There is a lot of scary stuff going on in the world right now. In some ways, Halloween seems silly. Why would any one want to be scared on purpose? Why would we want to celebrate this day? There is real horror in the world and no scary movie about a serial killer, or ghost, or other deadly creature is going to capture the real horrors of this world. I believe it was H.P. Lovecraft who said, “The oldest and deepest emotion humans have is fear. The oldest and deepest kind of fear is fear of the unknown.”
We fear what we don’t know or understand.
I do agree that horror provides a safe environment for us to be scared. Heck, my last post was all about horrific stories and how much I loved them. I can read the story and think, Man that is messed up. But then I close the book and the story stays there in the fictional world. I may think about it, but all the while I know it is not real. Same with movies. I can watch a scary movie and when it is over it stays in the fictional world.
Most of the time.
Every now and then, something will stick with me and I can’t get it out of my head. I have a near photographic memory, so when I remember something, it never goes away. (Blessing and a curse, people.) I can watch hours and hours of Criminal Minds on reruns, but I have never seen one episode of The Walking Dead. I just can’t do zombie stuff. Probably the only zombie movie I liked was Shaun of the Dead, because it was funny. But I didn’t watch it all the way through. I even watched World War Z, but they weren’t really zombies, so I didn’t feel the same. Even so, I watched through my fingers.
Zombies hit upon a real fear of mine. The idea that we are all mindless beings destined to consume. We are all monsters underneath the veil of civilization. Yeah, it gets to me. I know they are not real. I know in all reality civilization is going to last a good long time. But I still can’t put it in the “fiction” part of my brain. There was a really bad Will Smith movie a few years ago, I am Legend. Remember? There is this moment in the movie that I just can’t forget. It’s not the monsters chasing him, or when the dog died (so sad!). The part that sticks with me is early on in the movie. Smith’s character is putting his wife and daughter on a helicopter to get out of the city. Standing in line is a woman begging him to let her go too. She says, “Please. I’m not sick. I’m not sick.” But she is sick and a thin line of blood drips down her face as she begs him.

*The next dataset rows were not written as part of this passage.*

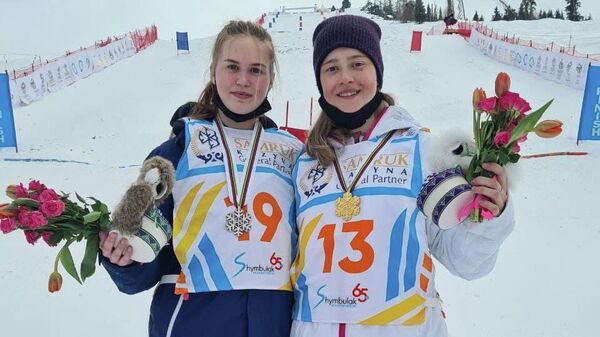 Россиянки Анастасия Смирнова и Виктория Лазаренко завоевали золотую и серебряную медали на чемпионате мира по фристайлу в дисциплине парный могул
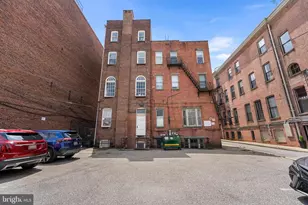 10 W Madison St, Baltimore, MD 21201 - Photo 13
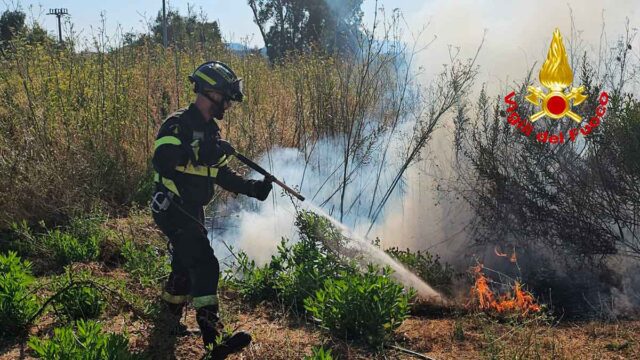 E’ ancora attivo l’incendio nell’Imperiese sopra Borgomaro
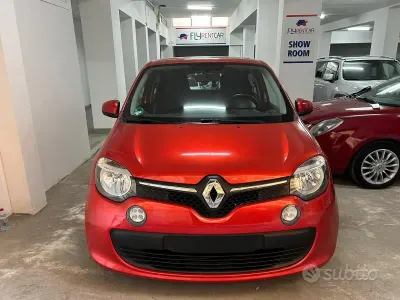 Usata Renault Twingo Experience 69 CV (50 kW) 2016 Rosso Utilitaria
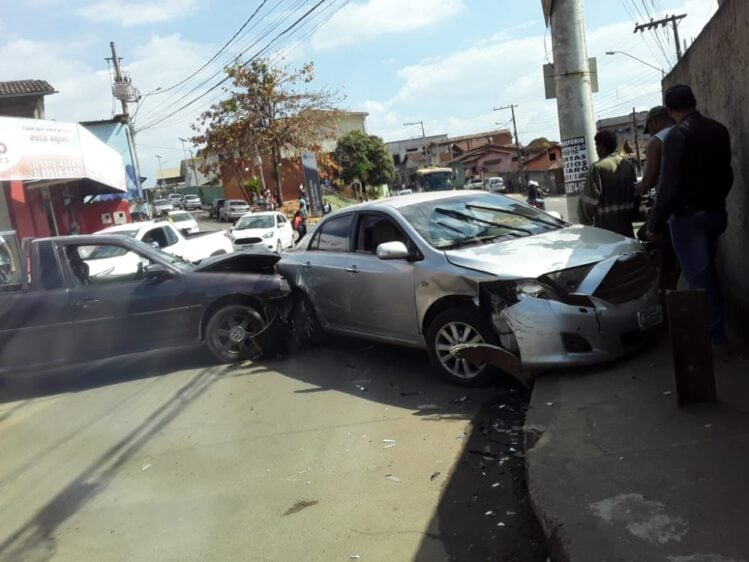 PM é acionada após colisão frontal em Santa Bárbara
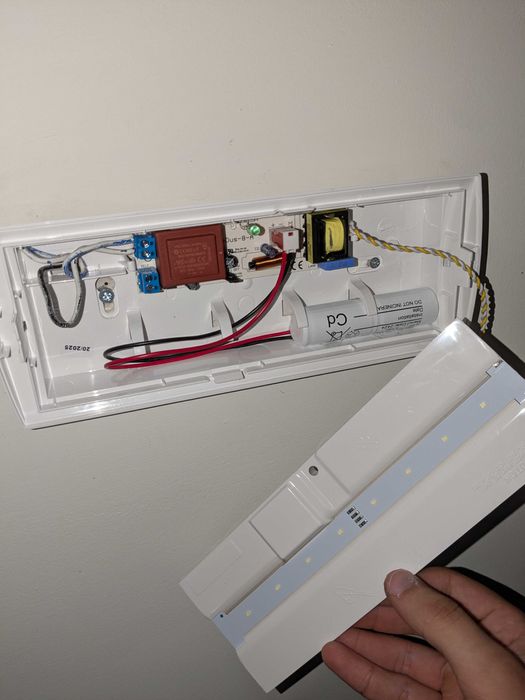 Eletricista - Videoporteiros/Campainhas. Instalações Elétricas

That denial. That is what scares me.
There could be a monster within us all, and we are in denial about it. So, no zombies for me. Although recently I tried to write through this fear. I tried writing a story that was a post apocalyptic with zombies and everything.
And I failed miserably.
I just can’t do it yet. I’m not sure why, but it’s not in me. I liked the story that came out. It’s a funny, somewhat sad, and a little dark, story set in LA. But society is not gone. People are not gone. Life is different, but the world keeps turning. I hope to sell it one day, but not to a zombie market.
I’ve been in plenty of scary situations. There was that time it was raining and I was going way too fast on the highway. I took one of the most dangerous exits and damn near flipped my car over. (Thank God, they have changed that exit a few years ago.) Or there was the time when I was on campus as an undergrad and a rattlesnake jumped out in front of me. And then there was the time my car battery died in the parking lot after I got out of class… Hey, I’m okay. I made it through all these scary moments.
My point is that fear in real life is okay too. It is a natural emotion and I don’t think ignoring it is healthy. Halloween can be used to sharpen that emotion in a safe way. After all, the world is still turning and there are plenty of things to fear. Screaming your head off in a movie can be cathartic for some. I know reading creepy stories is for me.
So Happy Halloween folks.
And on November 1st, let’s try and make the world a little better.